Wednesday, 5 February 2014

BUNCH OF FIVES

When I was at junior school our rather austere classroom had a series of small cards pinned in a line around the walls. Each card had a black dot, or dots, corresponding with numbers from one to ten, the idea being that they would help us 'visualise' the numbers during mental arithmatic exercises. Whether it worked or not I don't know, but I was rotten at numbers (and maths in general), anyway. What I do know is that I have always remembered those damned dots, and even now, seventy years on from junior school, the cards and their patterns still come to mind if I am trying to do sums in my head.
My favourite number was five. I don't know why. It just looked neat, I suppose. Four dots in a square with a fifth in the centre. Later, I found another way to count five. A football team forward-line. Matthews, Mortensen, Lawton, Mannion and Finney (England). Or possibly Delaney, Morris, Rowley, Pearson and Mitten (Manchester United). Or at a push, Waddell, Johnstone, Reilly, Steel and Liddell (Scotland).
Beautiful. The sum total of football, plus arithmatic of the highest order.
Closer to home were the two local teams: Paul, Cluroe, Jeffries, Ryder and Middlemass (Spalding United), and Hutchinson, Megginson, Sharman, Fox and Stamp (Holbeach United). The names and sequences roll off the tongue like sporting poetry. Two wingers, two inside-forwards, and a centre-forward. A tribute to precision and efficiency.
I can even slot some of these bunches of fives into a dating framework, like: Hurst, O'Linn, Vaughan, Kiernan and Duffy (Charlton Athletic, early 1950s), and: Griffin, Ryan, Allen, Nicholls and Lee (West Bromwich Albion, late 1950s), with dear old George Lee out there on the left-wing. He won an England cap and a Cup-winners' medal, and I used to watch him at the Hawthorns while doing my National Service. Later, he became trainer/coach with Norwich City and a friendly and football-wise travelling companion on the Canaries' team coach in the days when this journalist was allowed into the inner sanctum. George even had to give me first-aid on a couple of occasions when travel sickness threatened.
Also in the 1950s, of course, was: Budai, Kocsis, Hidegkuti, Puskas and Czibor. This was one of the great forward-lines of the famous Hungarian (mostly Honved) side which demolished England, pricked our bubble of complacency, and showed that the rest of the world could play football, too, and more, that they even trained harder and had better coaches. Later, in 1960, to emphasise the matter further, there was Real Madrid: Canario, Del Sol, Di Stefano, Pushas and Gento. Football heaven, it seemed at the time.

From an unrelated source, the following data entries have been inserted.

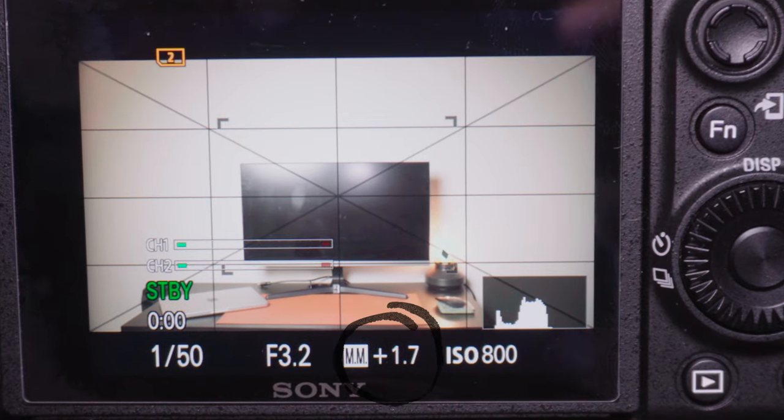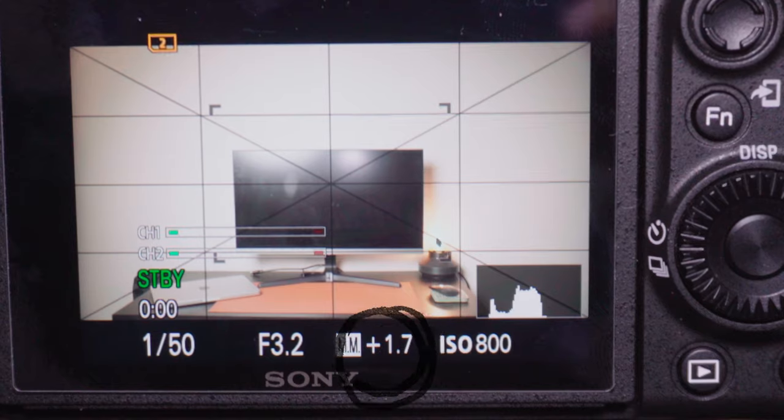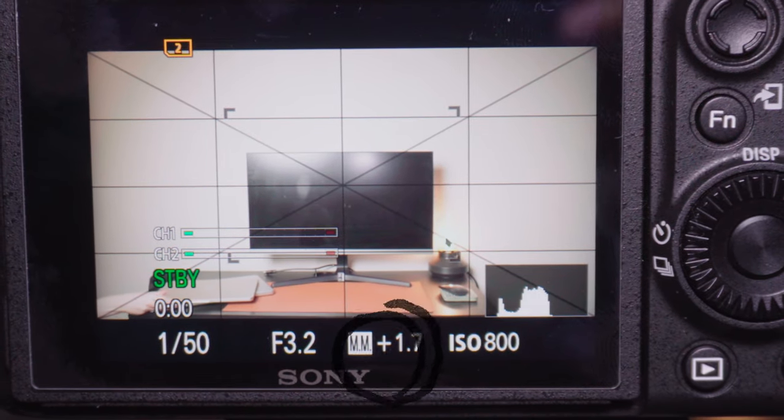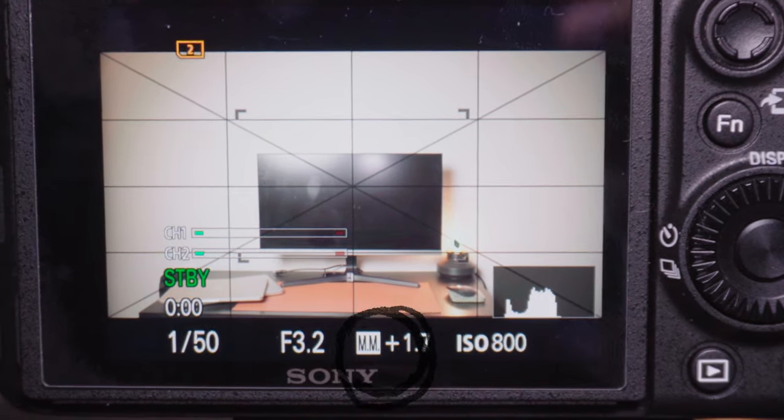How do you read the EV meter? It will have zero in the middle, then plus one, plus two, plus three on one side, and negative one, negative two, negative three on the other. If your little arrow is hanging out on the left side, you're underexposing your image and going to start losing shadow detail.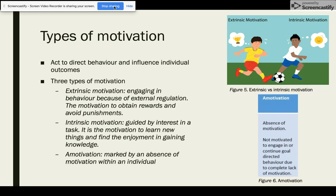There are three key types of motivation. These act to direct behavior and influence individual outcomes. Extrinsic motivation involves engaging in behavior because of external regulation — it is the motivation to obtain rewards and avoid punishments. Conversely, intrinsic motivation is guided by interest in a task. It is the motivation to gain knowledge and learn new things.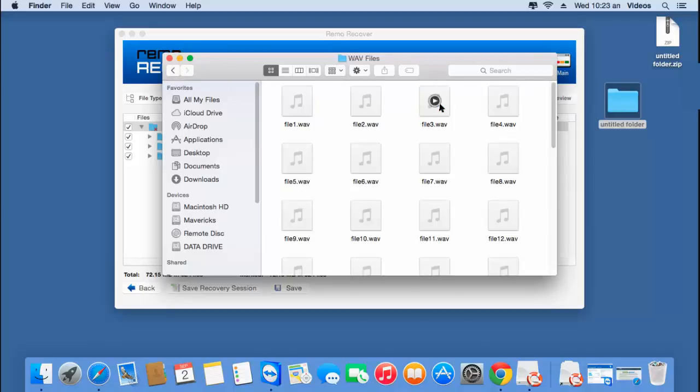So it's this simple to recover purchased iTunes songs which were deleted from your Mac OS. You can also use this software to recover accidentally deleted iTunes songs that were purchased by you. If you are looking to recover deleted iTunes songs, visit the link provided below and download this software on your Mac. Thanks for watching.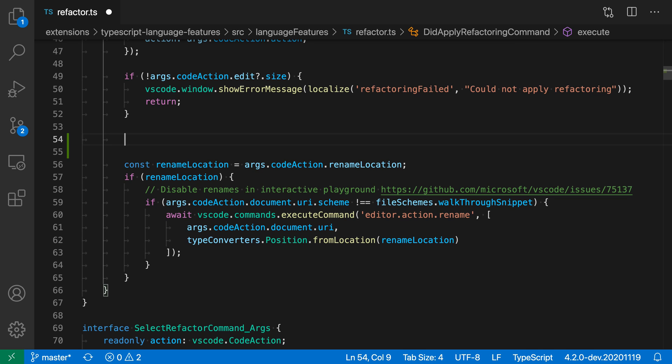The editor quick suggestion setting lets you configure if suggestions are shown as you type. By default in VS Code, it will show suggestions whenever you start typing.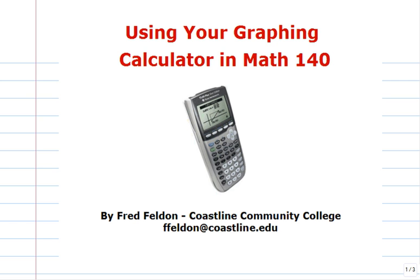Hello everybody. Welcome to using your graphing calculator in Math 140. I'm Fred Felden. In this video we'll learn how to find the intersection of two functions.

As long ago as 1954/55 the Playfair Annual editor was moved to lament: 'Never have so many countries stood above us in the world rankings, and our decline, gradual in recent years, has been hastened to conclusiveness by events of the past twelve months.' He was talking about the Hungarians, Germans and Uruguyans. By the late 1950s, however, another fine 'bunch of fives' had popped up ready to dominate my working life for the next decade or two: Crossan, Allcock, Bly, Hill and Brennan (Norwich City).
Not for another few years would mid-field control become the basis of the game, the famous fives gradually becoming four, and then three, then two, and now often one.
Mental arithmatic has never been the same.